## Task description
Stop after the line that contains "内装 現在改装中◆住む喜び、"; until then, restate each line of the entries word for word from the very first.

★ ★ ★

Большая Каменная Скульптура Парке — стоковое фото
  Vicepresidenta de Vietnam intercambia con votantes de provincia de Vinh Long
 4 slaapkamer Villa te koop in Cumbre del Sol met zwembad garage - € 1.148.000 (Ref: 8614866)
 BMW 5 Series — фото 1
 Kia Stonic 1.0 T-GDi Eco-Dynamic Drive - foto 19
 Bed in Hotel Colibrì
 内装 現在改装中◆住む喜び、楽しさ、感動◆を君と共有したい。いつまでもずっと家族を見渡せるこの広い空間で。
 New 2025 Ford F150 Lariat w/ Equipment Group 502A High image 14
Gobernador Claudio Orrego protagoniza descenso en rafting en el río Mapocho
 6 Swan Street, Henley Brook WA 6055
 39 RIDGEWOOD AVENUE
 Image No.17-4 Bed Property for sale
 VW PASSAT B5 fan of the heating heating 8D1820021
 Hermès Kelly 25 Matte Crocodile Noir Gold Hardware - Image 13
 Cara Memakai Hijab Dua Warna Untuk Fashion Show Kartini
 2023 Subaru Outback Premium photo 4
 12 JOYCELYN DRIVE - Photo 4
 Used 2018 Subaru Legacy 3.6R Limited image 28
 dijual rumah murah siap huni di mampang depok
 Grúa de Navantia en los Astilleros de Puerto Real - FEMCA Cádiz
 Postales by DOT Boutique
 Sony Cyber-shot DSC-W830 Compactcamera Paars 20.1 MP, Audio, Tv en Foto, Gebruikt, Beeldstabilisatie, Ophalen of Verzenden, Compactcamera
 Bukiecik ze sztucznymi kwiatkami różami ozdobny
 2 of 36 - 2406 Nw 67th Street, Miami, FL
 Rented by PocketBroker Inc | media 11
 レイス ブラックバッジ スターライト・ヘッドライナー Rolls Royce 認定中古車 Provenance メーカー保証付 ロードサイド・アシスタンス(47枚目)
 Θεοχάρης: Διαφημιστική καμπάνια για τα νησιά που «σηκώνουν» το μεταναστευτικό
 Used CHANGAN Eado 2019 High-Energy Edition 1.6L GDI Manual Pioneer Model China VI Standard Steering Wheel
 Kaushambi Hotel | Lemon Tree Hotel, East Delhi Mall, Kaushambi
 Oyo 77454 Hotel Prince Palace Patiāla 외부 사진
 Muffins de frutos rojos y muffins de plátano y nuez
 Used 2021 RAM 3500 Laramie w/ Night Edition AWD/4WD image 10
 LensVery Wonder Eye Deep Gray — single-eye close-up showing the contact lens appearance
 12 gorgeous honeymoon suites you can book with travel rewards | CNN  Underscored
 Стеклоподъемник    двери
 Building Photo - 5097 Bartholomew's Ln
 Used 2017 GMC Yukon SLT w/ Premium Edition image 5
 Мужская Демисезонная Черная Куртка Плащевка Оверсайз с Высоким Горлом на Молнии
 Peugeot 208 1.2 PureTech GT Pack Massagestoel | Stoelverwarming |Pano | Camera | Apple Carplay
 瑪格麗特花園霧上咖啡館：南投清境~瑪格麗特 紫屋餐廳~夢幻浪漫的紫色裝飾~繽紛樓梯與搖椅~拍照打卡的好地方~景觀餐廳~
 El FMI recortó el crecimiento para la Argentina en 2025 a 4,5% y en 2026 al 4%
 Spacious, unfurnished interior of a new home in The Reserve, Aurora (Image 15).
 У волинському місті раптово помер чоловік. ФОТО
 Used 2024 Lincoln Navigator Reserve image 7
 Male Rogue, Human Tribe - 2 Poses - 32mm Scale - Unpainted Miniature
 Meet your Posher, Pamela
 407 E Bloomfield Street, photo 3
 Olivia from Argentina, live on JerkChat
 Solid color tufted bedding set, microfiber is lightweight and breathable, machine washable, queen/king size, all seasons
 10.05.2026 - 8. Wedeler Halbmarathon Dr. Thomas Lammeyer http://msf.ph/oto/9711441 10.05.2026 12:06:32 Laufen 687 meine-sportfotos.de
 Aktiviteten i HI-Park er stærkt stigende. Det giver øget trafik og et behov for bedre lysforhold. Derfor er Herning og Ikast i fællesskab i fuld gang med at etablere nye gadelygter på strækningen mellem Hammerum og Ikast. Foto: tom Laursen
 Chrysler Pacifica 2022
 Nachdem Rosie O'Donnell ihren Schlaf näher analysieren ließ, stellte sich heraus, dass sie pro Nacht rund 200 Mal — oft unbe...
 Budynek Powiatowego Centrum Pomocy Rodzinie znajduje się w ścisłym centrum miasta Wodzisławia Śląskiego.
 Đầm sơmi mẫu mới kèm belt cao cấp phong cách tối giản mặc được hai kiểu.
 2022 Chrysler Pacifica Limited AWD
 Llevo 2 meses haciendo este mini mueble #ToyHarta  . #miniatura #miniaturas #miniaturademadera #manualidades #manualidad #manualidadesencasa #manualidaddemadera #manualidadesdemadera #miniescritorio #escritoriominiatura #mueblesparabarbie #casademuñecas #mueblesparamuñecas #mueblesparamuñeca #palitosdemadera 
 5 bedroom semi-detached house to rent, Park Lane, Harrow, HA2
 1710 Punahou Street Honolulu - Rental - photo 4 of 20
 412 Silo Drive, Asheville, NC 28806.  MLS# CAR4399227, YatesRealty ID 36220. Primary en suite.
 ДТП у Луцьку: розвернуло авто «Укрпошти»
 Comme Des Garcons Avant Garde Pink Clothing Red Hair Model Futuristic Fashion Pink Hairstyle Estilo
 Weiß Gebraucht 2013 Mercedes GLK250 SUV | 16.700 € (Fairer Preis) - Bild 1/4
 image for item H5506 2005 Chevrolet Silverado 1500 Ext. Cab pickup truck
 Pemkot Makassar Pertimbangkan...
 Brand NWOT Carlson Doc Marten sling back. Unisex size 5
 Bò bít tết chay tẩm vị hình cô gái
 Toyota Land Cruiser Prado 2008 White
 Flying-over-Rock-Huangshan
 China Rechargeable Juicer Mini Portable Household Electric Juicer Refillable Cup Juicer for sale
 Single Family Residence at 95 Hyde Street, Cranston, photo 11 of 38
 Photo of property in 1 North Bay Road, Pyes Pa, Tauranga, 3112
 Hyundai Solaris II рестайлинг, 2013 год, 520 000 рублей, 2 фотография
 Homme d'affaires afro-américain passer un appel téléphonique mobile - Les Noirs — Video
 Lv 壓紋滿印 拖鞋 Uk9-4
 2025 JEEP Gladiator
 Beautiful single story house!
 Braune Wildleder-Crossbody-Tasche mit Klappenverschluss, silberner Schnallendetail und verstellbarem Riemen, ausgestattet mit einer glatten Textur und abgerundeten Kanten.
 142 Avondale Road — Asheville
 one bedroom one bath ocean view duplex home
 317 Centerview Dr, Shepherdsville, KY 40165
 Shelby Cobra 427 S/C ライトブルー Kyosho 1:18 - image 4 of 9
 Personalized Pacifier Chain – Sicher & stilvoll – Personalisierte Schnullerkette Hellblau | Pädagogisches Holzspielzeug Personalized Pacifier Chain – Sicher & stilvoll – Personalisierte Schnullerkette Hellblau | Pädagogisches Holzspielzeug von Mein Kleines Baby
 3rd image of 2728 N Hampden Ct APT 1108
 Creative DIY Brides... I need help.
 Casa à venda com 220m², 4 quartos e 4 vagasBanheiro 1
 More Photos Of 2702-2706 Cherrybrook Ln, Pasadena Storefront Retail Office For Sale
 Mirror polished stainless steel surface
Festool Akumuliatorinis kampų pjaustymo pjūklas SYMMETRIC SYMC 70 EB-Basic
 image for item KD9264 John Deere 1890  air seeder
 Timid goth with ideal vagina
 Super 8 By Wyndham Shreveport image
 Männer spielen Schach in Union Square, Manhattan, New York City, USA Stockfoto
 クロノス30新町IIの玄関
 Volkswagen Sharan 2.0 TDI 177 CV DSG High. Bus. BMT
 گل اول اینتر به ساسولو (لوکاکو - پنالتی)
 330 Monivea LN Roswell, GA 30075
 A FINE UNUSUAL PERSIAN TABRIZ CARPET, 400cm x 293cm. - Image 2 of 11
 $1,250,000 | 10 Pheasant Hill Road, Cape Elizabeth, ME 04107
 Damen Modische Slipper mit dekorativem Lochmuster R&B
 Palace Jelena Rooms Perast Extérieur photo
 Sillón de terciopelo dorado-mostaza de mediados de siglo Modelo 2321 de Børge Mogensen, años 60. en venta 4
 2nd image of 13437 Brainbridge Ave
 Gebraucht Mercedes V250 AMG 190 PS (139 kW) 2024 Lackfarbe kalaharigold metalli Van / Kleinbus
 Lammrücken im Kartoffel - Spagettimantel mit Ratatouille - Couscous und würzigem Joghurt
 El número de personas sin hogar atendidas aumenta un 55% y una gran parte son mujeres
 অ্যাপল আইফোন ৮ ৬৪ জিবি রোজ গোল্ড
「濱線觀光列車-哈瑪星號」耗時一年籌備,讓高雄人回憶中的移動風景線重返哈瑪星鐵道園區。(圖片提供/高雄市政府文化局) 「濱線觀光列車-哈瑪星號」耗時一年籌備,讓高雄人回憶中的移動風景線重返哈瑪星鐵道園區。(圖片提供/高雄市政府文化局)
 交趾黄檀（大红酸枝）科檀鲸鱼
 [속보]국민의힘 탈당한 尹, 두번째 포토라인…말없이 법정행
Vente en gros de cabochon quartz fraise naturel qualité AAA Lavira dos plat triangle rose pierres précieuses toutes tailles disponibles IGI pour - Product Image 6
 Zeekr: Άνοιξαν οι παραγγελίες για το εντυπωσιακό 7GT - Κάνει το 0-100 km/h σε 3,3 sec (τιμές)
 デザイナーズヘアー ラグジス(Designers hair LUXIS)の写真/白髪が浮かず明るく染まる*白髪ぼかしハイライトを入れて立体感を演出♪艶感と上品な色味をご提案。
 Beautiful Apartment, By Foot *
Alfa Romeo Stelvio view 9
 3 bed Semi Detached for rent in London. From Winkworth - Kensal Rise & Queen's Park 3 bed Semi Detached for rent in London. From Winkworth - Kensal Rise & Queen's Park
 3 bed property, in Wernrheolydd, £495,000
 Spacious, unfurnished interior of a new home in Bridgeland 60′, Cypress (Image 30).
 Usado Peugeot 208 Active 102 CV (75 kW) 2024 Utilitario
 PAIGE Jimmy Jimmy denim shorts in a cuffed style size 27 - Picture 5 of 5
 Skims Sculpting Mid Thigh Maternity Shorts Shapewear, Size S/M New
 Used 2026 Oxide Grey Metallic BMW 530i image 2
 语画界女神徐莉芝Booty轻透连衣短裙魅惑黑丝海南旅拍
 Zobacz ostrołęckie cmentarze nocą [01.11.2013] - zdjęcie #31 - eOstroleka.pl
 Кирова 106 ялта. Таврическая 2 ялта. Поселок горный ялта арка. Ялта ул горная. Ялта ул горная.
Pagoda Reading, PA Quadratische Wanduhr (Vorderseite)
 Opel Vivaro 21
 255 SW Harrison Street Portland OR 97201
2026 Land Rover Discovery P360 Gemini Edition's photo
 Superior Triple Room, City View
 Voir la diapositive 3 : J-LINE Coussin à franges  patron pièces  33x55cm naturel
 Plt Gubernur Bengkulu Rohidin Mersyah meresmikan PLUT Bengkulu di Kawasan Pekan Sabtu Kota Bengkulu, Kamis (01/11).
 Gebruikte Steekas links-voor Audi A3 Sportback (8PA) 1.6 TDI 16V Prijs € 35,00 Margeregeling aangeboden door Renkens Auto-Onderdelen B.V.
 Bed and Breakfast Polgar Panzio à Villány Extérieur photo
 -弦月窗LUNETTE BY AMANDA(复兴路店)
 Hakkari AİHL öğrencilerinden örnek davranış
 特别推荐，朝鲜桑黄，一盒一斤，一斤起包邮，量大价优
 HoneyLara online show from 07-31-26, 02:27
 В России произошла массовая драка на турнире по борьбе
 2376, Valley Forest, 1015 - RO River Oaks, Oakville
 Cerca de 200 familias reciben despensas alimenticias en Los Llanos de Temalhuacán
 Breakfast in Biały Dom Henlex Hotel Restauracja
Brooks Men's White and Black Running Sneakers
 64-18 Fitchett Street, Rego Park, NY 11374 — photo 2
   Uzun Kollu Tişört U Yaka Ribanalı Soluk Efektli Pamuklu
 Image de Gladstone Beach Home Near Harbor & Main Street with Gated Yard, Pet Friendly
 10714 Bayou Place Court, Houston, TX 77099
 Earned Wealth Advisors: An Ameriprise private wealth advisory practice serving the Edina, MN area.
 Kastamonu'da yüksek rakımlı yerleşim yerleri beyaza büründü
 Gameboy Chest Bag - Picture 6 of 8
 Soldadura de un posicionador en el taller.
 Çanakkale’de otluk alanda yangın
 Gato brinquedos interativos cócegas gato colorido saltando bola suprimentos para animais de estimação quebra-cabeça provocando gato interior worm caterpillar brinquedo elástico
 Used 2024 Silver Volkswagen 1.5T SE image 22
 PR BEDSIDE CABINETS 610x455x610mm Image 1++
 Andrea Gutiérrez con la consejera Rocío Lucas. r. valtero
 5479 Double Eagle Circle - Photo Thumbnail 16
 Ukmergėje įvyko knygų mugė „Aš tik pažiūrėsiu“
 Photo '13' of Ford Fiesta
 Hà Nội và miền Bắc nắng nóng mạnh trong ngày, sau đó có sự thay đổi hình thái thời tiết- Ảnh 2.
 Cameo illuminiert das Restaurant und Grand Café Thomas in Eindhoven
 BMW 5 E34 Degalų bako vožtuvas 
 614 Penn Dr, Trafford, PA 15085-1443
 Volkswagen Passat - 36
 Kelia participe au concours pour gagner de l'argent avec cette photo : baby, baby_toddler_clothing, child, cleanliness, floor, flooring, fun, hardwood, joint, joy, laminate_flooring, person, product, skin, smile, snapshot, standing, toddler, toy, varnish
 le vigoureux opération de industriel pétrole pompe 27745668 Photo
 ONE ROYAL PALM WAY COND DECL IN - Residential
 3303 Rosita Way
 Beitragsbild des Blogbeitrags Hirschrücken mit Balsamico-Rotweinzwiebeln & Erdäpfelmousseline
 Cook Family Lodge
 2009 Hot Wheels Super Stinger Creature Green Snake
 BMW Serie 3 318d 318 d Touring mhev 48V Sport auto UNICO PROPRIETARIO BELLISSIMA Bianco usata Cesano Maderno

★ ★ ★

## Exercise solution
Большая Каменная Скульптура Парке — стоковое фото
  Vicepresidenta de Vietnam intercambia con votantes de provincia de Vinh Long
 4 slaapkamer Villa te koop in Cumbre del Sol met zwembad garage - € 1.148.000 (Ref: 8614866)
 BMW 5 Series — фото 1
 Kia Stonic 1.0 T-GDi Eco-Dynamic Drive - foto 19
 Bed in Hotel Colibrì
 内装 現在改装中◆住む喜び、楽しさ、感動◆を君と共有したい。いつまでもずっと家族を見渡せるこの広い空間で。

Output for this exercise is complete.